■ What to produce
When the line with "Neem spray can" turns up below, begin repeating exactly, and carry on through the line with "Tocotrienols, which are"; no pictures go into the copy.

■ Data under study
☆ ☆ ☆ ☆ ☆
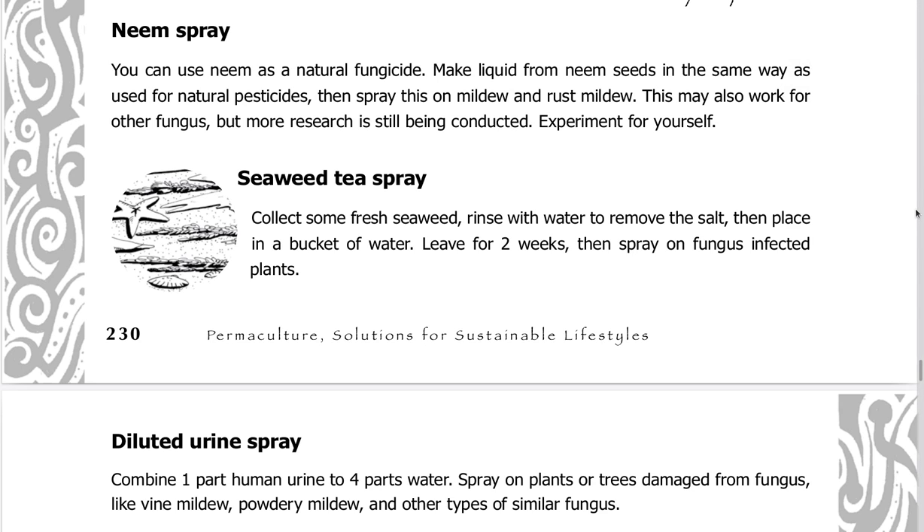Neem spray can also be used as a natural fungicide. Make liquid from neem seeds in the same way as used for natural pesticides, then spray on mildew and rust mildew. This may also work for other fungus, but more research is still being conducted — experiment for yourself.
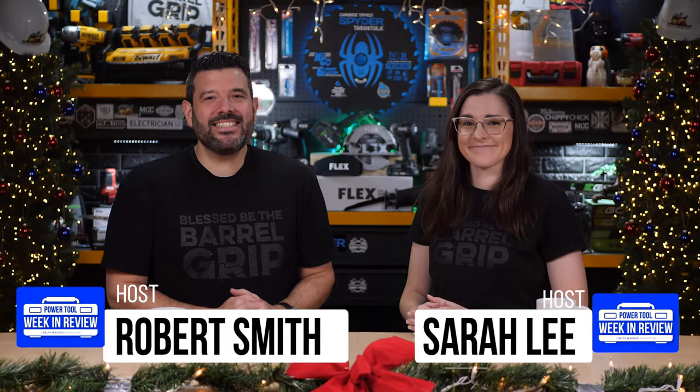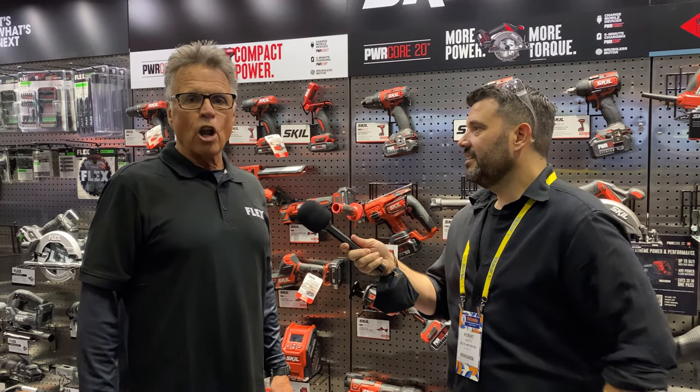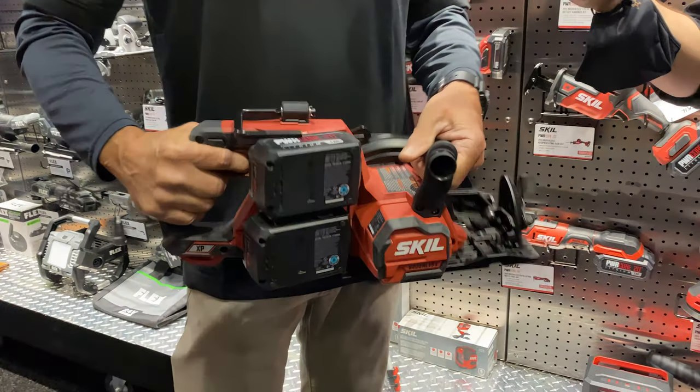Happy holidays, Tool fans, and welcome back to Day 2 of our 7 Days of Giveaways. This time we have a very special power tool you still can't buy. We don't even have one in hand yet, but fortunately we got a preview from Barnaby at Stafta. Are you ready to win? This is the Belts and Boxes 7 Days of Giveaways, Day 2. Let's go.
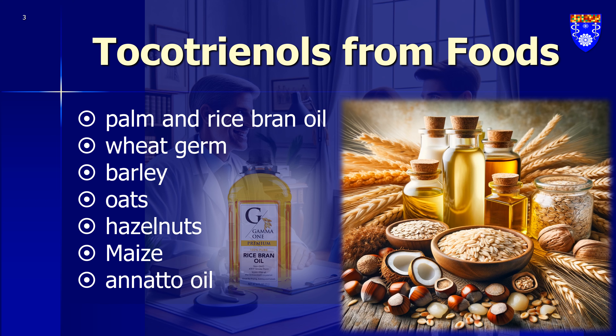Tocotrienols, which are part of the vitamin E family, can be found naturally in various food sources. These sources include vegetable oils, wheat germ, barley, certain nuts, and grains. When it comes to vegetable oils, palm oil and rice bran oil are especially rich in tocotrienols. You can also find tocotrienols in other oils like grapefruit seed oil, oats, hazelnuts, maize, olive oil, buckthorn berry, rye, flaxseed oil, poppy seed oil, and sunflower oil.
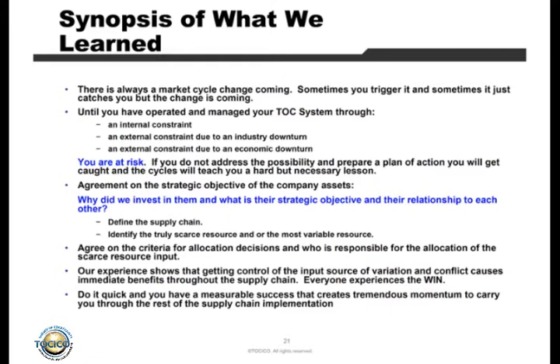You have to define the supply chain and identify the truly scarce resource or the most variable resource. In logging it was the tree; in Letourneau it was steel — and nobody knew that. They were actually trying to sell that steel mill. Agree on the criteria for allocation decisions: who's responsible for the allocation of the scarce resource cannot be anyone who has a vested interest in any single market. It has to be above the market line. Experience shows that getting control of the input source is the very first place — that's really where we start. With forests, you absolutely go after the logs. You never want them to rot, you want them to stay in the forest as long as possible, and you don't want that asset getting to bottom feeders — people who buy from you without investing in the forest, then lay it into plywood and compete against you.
☆ ☆ ☆ ☆ ☆
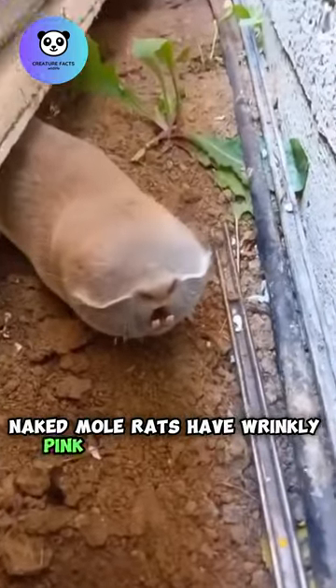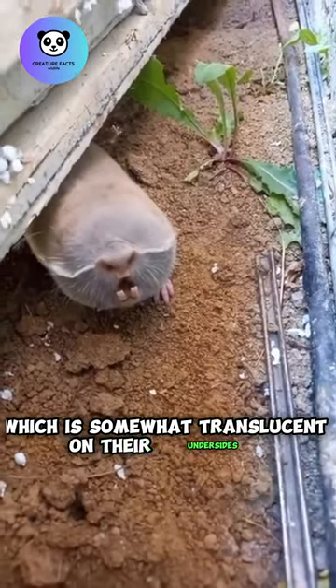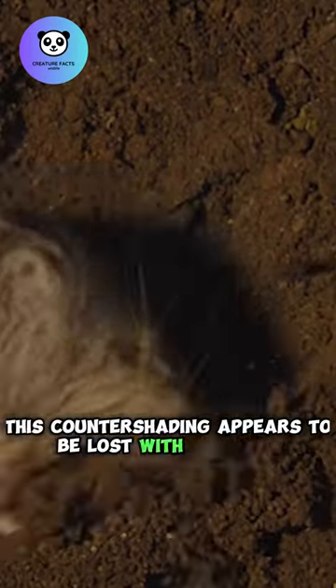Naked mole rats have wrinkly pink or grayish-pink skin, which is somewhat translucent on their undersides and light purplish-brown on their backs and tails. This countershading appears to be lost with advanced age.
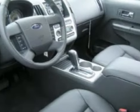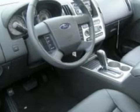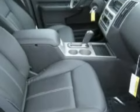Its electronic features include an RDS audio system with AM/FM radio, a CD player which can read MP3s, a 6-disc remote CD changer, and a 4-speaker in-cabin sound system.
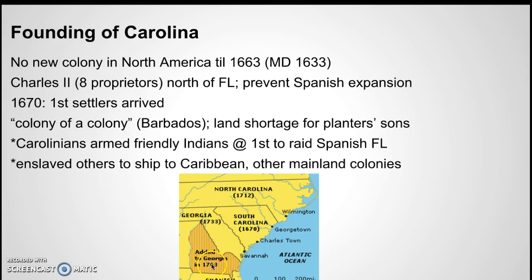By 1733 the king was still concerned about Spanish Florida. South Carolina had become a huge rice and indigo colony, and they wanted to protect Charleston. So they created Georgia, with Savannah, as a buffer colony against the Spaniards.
☆ ☆ ☆ ☆ ☆
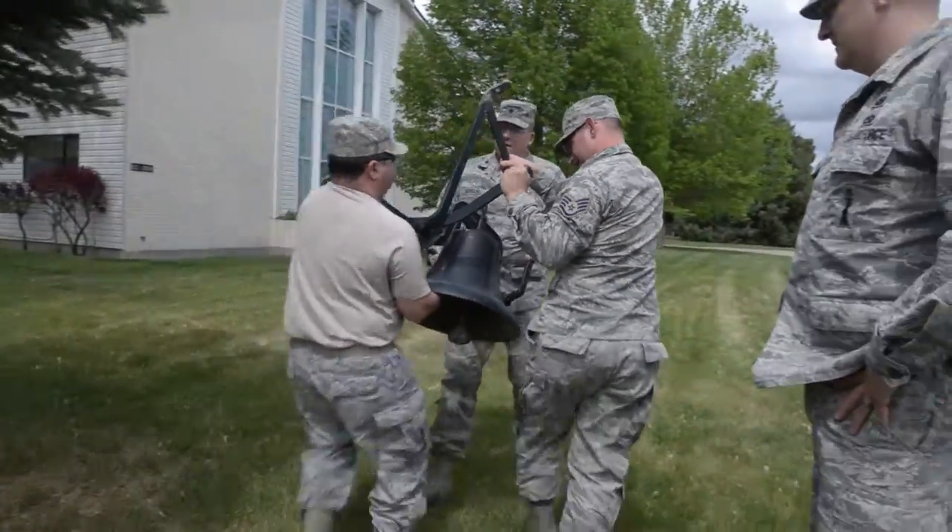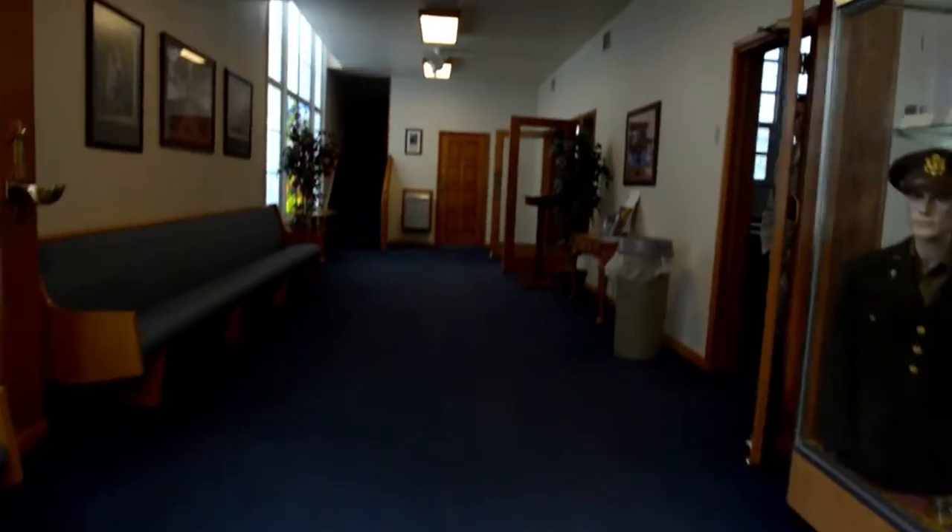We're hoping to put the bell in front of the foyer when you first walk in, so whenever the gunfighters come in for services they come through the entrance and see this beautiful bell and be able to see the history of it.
☆ ☆ ☆ ☆ ☆
■ Answer for the task
Neem spray can also be used as a natural fungicide. Make liquid from neem seeds in the same way as used for natural pesticides, then spray on mildew and rust mildew. This may also work for other fungus, but more research is still being conducted — experiment for yourself.
Happy holidays, Tool fans, and welcome back to Day 2 of our 7 Days of Giveaways. This time we have a very special power tool you still can't buy. We don't even have one in hand yet, but fortunately we got a preview from Barnaby at Stafta. Are you ready to win? This is the Belts and Boxes 7 Days of Giveaways, Day 2. Let's go.
Tocotrienols, which are part of the vitamin E family, can be found naturally in various food sources. These sources include vegetable oils, wheat germ, barley, certain nuts, and grains. When it comes to vegetable oils, palm oil and rice bran oil are especially rich in tocotrienols. You can also find tocotrienols in other oils like grapefruit seed oil, oats, hazelnuts, maize, olive oil, buckthorn berry, rye, flaxseed oil, poppy seed oil, and sunflower oil.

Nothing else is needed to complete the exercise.